Kids shouldn’t sit in front of television screens all day, but they do. Since we can’t get them away from the television set, why not use games as tool for teaching. Using games as an educational tool provides opportunities for deeper learning, such as the increase in memory, performance, social interaction, and classroom engagement. In addition, there is more than one way to teach using games. Mind Shift shares an article about how making games can be used as a form of learning. Game making is one way to create a space where students are empowered to freely experiment with their own way of framing ideas and choosing perspectives.
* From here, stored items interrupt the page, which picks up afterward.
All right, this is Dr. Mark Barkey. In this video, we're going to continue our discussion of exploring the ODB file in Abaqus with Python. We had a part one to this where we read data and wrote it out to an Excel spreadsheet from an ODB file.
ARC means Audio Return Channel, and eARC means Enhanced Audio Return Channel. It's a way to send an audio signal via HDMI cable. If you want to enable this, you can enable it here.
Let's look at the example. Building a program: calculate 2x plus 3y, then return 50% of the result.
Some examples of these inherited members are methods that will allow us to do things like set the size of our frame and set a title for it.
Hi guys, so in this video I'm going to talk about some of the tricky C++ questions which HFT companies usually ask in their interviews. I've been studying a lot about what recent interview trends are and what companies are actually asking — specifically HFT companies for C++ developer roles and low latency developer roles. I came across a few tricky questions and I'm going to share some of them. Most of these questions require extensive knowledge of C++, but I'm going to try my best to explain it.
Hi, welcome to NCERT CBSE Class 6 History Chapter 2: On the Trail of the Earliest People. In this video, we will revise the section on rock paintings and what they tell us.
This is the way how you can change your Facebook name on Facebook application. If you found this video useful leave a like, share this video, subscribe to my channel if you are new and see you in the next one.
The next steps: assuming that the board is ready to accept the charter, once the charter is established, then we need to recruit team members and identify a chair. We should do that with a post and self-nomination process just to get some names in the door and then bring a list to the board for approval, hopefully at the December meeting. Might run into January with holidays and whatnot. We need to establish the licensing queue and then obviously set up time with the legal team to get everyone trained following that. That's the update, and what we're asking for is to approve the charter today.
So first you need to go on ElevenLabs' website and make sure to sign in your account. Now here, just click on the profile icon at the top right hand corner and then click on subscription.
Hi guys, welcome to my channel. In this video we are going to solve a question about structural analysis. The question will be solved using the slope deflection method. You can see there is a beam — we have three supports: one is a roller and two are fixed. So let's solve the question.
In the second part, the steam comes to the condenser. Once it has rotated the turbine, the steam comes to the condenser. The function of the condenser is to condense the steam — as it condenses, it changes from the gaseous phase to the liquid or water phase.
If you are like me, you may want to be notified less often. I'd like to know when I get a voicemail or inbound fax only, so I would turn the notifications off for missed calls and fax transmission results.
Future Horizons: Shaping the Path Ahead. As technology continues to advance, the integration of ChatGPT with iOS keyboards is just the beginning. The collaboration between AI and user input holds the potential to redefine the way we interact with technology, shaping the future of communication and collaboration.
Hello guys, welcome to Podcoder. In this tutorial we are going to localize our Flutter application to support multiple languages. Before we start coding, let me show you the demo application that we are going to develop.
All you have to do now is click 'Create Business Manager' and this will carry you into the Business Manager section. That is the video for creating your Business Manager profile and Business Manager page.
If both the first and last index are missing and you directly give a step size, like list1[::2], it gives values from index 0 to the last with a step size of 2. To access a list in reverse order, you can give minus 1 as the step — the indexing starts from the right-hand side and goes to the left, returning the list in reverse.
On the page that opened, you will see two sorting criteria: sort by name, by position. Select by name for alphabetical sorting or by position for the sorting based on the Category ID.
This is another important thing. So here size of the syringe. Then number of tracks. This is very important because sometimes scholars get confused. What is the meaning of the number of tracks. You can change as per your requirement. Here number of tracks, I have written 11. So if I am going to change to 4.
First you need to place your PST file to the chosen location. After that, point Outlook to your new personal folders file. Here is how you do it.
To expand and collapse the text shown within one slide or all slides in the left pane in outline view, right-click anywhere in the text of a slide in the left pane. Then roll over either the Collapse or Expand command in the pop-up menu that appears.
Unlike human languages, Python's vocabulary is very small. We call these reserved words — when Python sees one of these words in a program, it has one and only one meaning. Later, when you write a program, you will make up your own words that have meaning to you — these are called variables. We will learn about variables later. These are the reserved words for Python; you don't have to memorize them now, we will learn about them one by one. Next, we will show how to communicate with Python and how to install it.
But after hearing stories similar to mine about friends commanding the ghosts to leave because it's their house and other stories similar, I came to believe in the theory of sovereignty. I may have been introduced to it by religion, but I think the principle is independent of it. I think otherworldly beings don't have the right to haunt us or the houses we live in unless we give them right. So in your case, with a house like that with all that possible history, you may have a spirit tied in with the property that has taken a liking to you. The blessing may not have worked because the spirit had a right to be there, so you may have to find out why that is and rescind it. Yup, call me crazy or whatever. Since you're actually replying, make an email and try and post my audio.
Gamestar Mechanic is a great example of a game-making tool that can be used for learning. Gamestar Mechanic is a web-based software platform with a drag and drop interface that makes it simple for kids to make their own games. Kids can take the content they have learned and turn it into a game that they can use or other classmates can use. If a child can turn their classroom notes into a fun, engaging and exciting game, this is reassurance that they know the material.
Gamestar Mechanic continues to grow and is becoming widely used in the classroom. Gamestar Mechanic is currently used in more than 7,000 schools, with over 600,000 youth-created games published and played over 20 million times in 100+ countries.
Game design shows kids that coding is ultimately a semiotic system. Coding has become very popular, and can be challenging to understand and learn. Gamestar Mechanic involves language and can make coding easier for kids. Teachers are encouraged to step away from the traditional methods of pedagogy and bring gaming into the classroom.